5. Beschwerdeverfahren, alternative Streitbeilegung:

  • Die Abhilfe in Inter-Partes-Verfahren wird gestrichen, um die Dauer der Beschwerdeverfahren zu verkürzen.
  • Die Entscheidungen der Beschwerdekammer werden erst wirksam werden, wenn entweder die Frist zur Klageerhebung abgelaufen oder ein Klageverfahren vor dem EuG rechtskräftig beendet ist.
  • Es besteht künftig die Möglichkeit, ein Mediationszentrum für die einvernehmliche Streitbeilegung zu installieren, geben.

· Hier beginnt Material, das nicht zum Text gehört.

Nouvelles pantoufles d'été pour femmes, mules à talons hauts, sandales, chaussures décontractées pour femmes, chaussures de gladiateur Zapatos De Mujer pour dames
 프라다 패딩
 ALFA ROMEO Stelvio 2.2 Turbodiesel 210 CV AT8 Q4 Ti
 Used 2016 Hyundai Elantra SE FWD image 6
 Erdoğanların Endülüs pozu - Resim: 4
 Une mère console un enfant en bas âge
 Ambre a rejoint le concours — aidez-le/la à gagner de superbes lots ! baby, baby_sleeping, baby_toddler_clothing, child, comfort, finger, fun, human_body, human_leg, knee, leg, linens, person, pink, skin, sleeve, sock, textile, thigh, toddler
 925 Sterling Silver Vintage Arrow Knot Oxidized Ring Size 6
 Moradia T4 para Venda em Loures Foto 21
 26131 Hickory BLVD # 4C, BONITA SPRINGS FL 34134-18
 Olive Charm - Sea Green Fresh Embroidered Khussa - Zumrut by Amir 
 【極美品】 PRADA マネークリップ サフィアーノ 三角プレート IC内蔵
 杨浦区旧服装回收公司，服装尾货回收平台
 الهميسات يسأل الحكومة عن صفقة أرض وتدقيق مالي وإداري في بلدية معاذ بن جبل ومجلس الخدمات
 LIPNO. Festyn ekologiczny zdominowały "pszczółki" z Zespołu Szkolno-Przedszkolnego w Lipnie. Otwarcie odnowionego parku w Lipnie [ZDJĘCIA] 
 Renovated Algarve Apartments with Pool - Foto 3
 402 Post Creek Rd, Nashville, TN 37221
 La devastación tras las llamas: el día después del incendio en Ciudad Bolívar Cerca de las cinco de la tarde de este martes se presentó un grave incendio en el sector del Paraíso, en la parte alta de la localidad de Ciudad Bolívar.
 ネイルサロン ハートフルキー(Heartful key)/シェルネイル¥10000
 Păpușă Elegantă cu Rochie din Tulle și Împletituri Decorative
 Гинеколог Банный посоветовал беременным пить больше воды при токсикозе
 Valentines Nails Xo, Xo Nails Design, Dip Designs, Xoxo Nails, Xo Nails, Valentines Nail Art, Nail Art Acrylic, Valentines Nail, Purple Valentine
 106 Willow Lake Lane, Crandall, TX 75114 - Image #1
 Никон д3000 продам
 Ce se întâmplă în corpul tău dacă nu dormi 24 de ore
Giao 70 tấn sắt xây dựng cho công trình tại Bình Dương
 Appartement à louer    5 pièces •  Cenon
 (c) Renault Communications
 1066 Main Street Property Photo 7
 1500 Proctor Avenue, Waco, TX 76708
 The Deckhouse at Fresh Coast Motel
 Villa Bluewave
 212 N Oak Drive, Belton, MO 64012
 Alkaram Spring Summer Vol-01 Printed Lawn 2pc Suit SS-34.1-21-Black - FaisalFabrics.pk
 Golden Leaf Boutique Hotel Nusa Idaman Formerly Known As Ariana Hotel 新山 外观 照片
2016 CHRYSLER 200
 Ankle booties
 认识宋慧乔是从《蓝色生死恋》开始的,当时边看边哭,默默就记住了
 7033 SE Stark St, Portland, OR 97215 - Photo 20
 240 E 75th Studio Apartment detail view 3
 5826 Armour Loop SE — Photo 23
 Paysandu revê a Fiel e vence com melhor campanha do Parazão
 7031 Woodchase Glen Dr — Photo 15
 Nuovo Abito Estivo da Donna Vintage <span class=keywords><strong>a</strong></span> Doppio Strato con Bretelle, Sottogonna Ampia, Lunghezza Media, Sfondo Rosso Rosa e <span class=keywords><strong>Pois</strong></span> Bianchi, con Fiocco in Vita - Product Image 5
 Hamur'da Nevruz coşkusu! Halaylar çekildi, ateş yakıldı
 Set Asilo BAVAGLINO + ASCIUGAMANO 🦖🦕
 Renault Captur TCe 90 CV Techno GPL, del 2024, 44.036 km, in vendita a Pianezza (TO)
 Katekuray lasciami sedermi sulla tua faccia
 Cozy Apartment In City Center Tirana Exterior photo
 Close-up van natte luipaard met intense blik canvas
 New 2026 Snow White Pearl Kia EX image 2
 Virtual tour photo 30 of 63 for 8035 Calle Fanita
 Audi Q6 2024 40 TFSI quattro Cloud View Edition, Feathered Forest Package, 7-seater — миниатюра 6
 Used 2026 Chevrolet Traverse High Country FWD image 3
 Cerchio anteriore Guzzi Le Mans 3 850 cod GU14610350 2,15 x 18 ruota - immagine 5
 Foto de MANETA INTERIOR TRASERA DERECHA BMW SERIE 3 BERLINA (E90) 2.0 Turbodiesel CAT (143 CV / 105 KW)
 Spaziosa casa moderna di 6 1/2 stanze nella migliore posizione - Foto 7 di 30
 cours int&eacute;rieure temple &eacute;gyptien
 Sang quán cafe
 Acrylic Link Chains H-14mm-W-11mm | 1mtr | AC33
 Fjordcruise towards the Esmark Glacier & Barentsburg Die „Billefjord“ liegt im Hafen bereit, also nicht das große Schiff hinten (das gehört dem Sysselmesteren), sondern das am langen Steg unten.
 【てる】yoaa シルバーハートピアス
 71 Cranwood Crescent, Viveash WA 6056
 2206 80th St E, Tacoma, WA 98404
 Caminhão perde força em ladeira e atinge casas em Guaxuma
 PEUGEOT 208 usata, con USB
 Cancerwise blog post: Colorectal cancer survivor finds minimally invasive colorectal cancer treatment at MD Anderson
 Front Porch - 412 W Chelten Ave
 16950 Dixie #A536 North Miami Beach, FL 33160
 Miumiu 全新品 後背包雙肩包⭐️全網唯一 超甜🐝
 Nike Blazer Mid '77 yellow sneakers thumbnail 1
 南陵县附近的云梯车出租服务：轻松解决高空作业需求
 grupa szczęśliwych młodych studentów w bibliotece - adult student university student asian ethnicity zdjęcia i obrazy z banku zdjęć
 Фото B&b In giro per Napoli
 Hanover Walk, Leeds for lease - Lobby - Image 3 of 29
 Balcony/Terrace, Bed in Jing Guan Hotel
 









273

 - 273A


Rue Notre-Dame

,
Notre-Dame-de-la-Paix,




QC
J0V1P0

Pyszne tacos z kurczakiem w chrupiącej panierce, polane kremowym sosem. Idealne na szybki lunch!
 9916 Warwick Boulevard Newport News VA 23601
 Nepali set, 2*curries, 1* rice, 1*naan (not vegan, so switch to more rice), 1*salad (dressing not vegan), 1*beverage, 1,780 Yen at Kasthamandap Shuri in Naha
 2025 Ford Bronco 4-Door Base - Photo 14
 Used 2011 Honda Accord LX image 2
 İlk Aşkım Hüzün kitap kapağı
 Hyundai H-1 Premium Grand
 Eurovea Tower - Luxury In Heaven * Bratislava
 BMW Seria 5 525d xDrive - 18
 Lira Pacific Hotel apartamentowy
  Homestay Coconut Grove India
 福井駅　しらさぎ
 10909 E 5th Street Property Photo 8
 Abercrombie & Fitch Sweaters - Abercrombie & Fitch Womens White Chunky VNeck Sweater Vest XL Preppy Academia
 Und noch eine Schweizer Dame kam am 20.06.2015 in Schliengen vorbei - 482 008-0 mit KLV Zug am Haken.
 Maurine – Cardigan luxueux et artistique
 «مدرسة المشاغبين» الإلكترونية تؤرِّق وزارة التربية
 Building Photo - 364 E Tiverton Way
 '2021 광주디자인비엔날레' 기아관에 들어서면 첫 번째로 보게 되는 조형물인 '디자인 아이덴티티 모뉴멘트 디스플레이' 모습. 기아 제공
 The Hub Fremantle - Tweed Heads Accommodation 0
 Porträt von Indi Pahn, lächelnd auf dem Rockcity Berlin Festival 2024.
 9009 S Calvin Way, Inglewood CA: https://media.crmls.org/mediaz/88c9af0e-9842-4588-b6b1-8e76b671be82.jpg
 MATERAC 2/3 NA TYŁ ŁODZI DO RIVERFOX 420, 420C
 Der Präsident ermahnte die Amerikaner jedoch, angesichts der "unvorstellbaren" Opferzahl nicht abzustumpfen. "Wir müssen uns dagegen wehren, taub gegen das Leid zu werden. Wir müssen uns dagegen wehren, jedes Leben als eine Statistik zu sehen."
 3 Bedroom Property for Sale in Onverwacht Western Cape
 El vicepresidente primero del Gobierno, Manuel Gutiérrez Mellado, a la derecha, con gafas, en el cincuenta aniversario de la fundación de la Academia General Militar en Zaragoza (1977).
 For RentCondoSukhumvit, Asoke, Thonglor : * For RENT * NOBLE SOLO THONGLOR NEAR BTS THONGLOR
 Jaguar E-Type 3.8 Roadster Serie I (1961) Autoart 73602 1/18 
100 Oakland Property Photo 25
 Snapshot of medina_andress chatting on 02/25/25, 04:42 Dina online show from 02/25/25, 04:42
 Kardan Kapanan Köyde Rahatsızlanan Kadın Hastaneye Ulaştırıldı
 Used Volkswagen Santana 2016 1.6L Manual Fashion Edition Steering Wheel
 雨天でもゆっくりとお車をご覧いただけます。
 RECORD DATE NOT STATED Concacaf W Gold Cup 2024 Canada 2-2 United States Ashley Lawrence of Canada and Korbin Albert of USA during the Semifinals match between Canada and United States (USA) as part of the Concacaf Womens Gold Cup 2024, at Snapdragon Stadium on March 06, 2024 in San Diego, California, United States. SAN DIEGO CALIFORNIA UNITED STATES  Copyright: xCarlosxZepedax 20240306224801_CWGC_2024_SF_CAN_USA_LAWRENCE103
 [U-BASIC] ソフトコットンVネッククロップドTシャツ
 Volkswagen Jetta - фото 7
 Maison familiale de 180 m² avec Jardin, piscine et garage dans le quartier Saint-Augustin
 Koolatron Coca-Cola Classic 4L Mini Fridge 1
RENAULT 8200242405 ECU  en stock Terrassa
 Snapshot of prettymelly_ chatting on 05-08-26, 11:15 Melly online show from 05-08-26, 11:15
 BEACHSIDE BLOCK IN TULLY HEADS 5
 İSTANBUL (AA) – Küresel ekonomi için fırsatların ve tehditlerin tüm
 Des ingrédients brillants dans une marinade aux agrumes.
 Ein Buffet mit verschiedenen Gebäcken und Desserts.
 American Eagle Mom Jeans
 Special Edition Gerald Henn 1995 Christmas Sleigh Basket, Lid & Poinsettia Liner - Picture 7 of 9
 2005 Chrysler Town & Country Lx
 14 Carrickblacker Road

6. Änderungen in den nationalen Markengesetzen:

Die Mitgliedstaaten haben drei Jahre Zeit, die Änderungen der neuen EU-Richtlinie in nationales Recht umzusetzen. Dies betrifft vor allem folgende Änderungen:

  • Die Voraussetzung, dass eine Marke grafisch darstellbar sein muss, soll entfernt werden.
  • Widerspruchsverfahren und Löschungsverfahren wegen Nichtbenutzung werden nun europaweit bei den Ämtern eingeführt. Deutsche Löschungsverfahren müssen daher nicht mehr in Form von Klagen durchgeführt werden.
  • Künftig können Agentenmarken auch durch einen Antrag bei der Nichtigkeitsabteilung des Amtes oder durch eine Widerklage bei einem Unionsmarkengericht im Verletzungsverfahren übertragen werden.



7. Gebühren:

  • Künftig wird sich die Anmeldegebühr nicht mehr auf 3 Klassen beziehen, sondern nur noch auf eine Klasse. Für die 2. Klasse ist eine Gebühr von 50 €, für die 3. und jede weitere Klasse eine Gebühr von 150 € fällig.
  • Im Gegenzug wird die Anmeldegebühr von 900 € auf 850 € gesenkt.
  • Die Gebühren für die Verlängerung einer Marke in einer Klasse werden auf 850 € gesenkt. Dafür fällt jedoch für die Verlängerung in der 2. Klasse nunmehr eine Gebühr von 50 € und für die Verlängerung der 3. und jeder weiteren Klasse eine zusätzliche Gebühr von 150 € an.
  • Die Gebühren in Widerspruchs-, Löschungs- und Beschwerdeverfahren verringern sich.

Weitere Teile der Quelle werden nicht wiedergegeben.